Sculpture and architecture
Extant Early Byzantine sculpture is mostly related
to architecture.
Large numbers of carved structural elements, such as
capitals,
cornices,
architraves, door jambs, lintels, and window grilles,
served to embellish buidings. Liturgical furniture, namely
sanctuary screens, pulpits and altars, were also of carved
stone. In the fourth and fifth centuries, Roman motifs were
still widely used. Capitals were of the Corinthian type, with
volutes at the upper corners and large acanthus leaves below.
Their treatment, however, became increasingly stylized and
symmetrical, and they were deeply undercut to resemble lacework.
In the sixth century, traditional Roman motifs were enriched
with oriental (Sassanid Persian) elements, such as the split
palms, date palms, and peacocks found in the church of St
Polyeuktos.
Basket-, impost-,
and folded' capitals, with dense tendrils and geometric patterns,
adorn St Polyeuktos, Sts Sergios and Bacchos, and St Sophia
in Constantinople, as well as several provincial churches.

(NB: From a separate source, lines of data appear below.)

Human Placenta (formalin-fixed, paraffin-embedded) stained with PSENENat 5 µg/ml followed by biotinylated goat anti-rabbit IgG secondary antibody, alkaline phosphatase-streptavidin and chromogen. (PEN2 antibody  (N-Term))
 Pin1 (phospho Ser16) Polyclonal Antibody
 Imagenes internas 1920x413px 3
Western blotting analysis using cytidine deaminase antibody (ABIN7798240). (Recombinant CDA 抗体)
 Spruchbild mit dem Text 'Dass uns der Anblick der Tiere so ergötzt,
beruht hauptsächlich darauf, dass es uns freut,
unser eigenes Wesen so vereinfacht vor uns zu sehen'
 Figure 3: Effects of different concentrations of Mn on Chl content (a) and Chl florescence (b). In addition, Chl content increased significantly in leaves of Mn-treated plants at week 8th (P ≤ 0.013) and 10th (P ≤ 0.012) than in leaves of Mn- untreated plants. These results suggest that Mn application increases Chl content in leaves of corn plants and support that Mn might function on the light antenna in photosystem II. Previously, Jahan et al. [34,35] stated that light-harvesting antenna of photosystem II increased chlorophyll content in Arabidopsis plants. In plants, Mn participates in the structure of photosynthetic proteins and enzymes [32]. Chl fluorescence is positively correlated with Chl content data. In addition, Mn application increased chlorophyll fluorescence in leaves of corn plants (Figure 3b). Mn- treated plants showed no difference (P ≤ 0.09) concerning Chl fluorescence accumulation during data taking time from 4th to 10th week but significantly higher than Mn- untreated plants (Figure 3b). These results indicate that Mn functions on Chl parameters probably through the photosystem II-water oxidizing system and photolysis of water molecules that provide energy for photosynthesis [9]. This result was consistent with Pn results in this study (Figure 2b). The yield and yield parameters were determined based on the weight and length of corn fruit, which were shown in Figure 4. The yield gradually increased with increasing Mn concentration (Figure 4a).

Jeweled' column shafts inlayed with coloured stone and glass
were another significant trend.
The characteristic deeply undercut impost capitals
of St Polyeuktos find close
parallels in St Sophia and St Vitale, Ravenna. After the completion
of
Anicia Juliana's
church its team of sculptors was partly taken over by Justinian
for St Sophia. Some sculptors may have travelled to Ravenna
to work for the construction of St Vitale (begun in 521 but
not completed until 547). During his stay at Constantinople
in 526, Ecclesius, the bishop of Ravenna (521-531), may have
visited the church of St Polyeuktos, then still under construction,
and discussed the possibility of a commission at Ravenna.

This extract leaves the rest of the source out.